◆ Source data
>>>

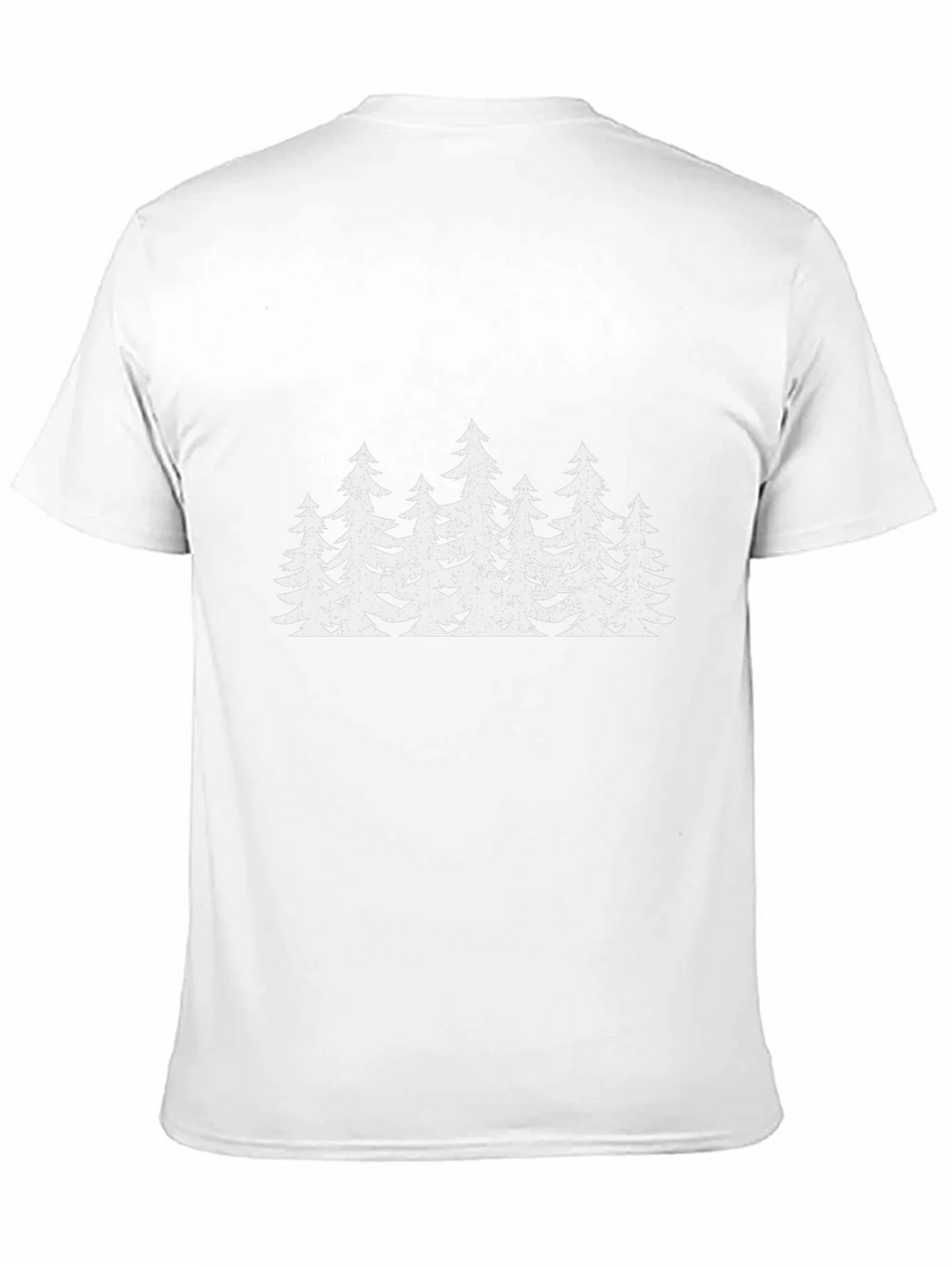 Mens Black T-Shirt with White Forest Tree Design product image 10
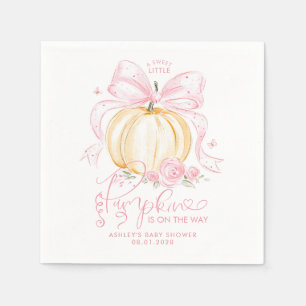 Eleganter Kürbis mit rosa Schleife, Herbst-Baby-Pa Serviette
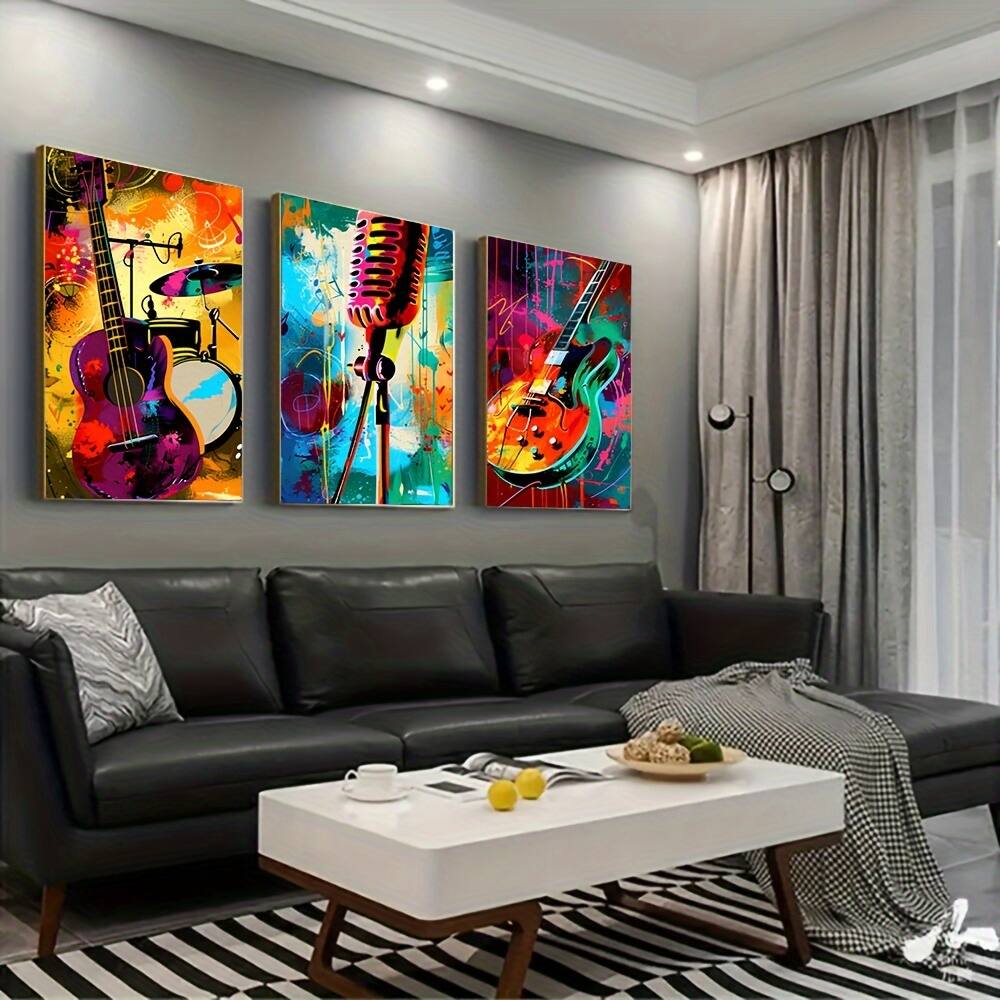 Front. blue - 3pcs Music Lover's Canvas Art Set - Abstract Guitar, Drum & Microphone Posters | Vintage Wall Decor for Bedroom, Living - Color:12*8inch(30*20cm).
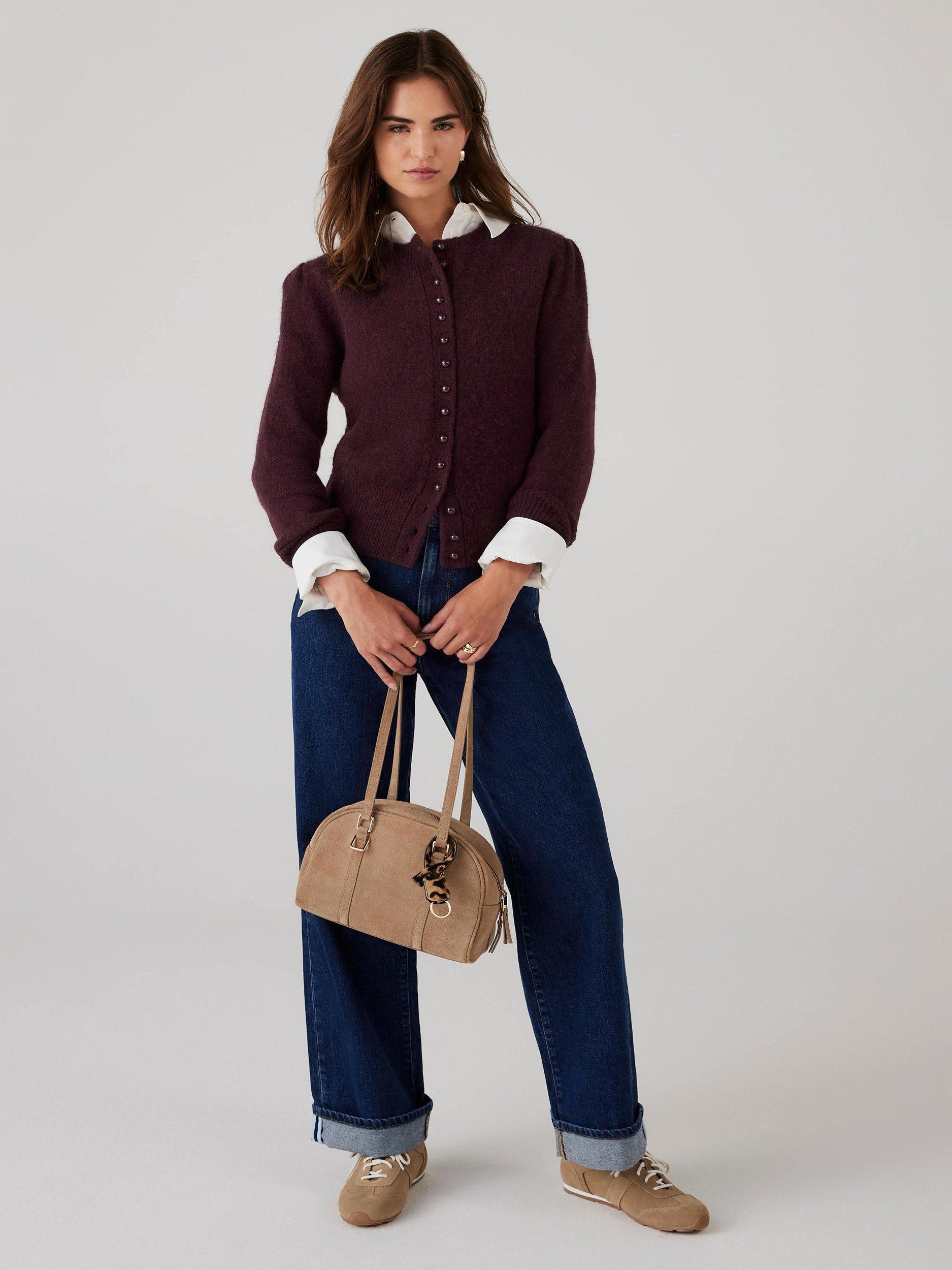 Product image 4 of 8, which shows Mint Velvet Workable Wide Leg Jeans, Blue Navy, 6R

<<<

Restate the data word for word while omitting each picture.

 Mens Black T-Shirt with White Forest Tree Design product image 10
 Eleganter Kürbis mit rosa Schleife, Herbst-Baby-Pa Serviette
 Front. blue - 3pcs Music Lover's Canvas Art Set - Abstract Guitar, Drum & Microphone Posters | Vintage Wall Decor for Bedroom, Living - Color:12*8inch(30*20cm).
 Product image 4 of 8, which shows Mint Velvet Workable Wide Leg Jeans, Blue Navy, 6R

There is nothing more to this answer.